Ela pretende repetir a dose com uma saideira no próximo fim de semana, o penúltimo dos blocos de São Paulo. “Vai ser o pós-carnaval e com certeza estarei nas ruas da cidade”, planeja.

Saem gringos e o interior pede passagem

Muito procurados pelos jovens que só querem a folia, hostels paulistanos estão de casa cheia. De acordo com levantamento do Estado, entretanto, as acomodações registram uma diferença de perfil no período – saem os gringos, chegam os brasileiros de outras cidades. Se ao longo do ano 90% do público é formado por estrangeiros, na semana do carnaval a tendência se inverte e 90% são nacionais. A plataforma Airbnb, que intermedeia locações de imóveis, também registrou aumento para o feriado de carnaval em São Paulo. Dados divulgados pela empresa na semana passada mostravam um aumento de 187% no número de hóspedes na capital paulista no período – comparado ao ano passado. 

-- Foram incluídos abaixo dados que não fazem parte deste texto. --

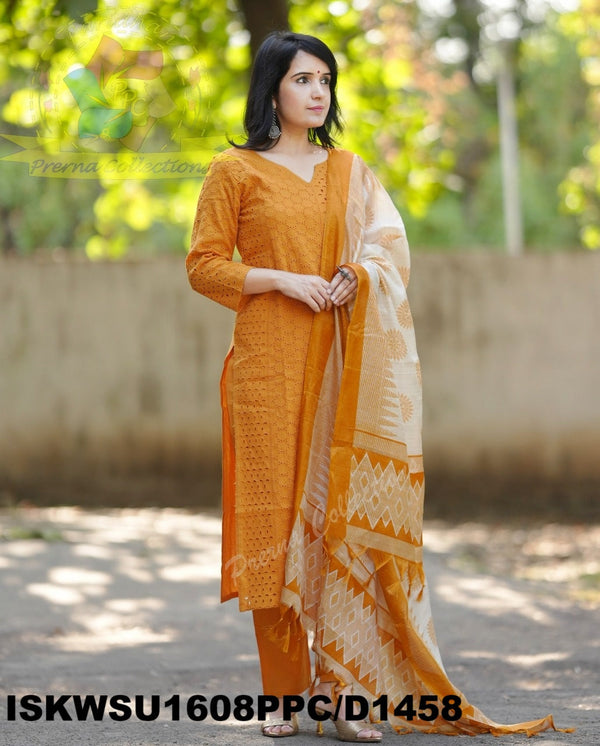 Cotton Schiffli Kurti With Pant And Ikkat Printed Khadi Silk Dupatta-ISKWSU1608PPC/D1458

'É o que já foi o carnaval da Bahia'

Prova mesmo de que a folia paulistana tem conquistado cada vez mais forasteiros é que até gente de Salvador tem trocado os tradicionais trios elétricos soteropolitanos pela alegria desta terra. “O carnaval em São Paulo é o que já foi o carnaval da Bahia. O gostoso do carnaval em si, para mim, é essa coisa mais intimista, de ir para um bloco e encontrar amigos. Na Bahia, você vai a um bloco e é tão grande que você é um anônimo. E tem aquele apartheid – camarote, abadá pago”, conta o empresário Pedro Valente, de 38 anos, que já curtiu três blocos no pré-carnaval.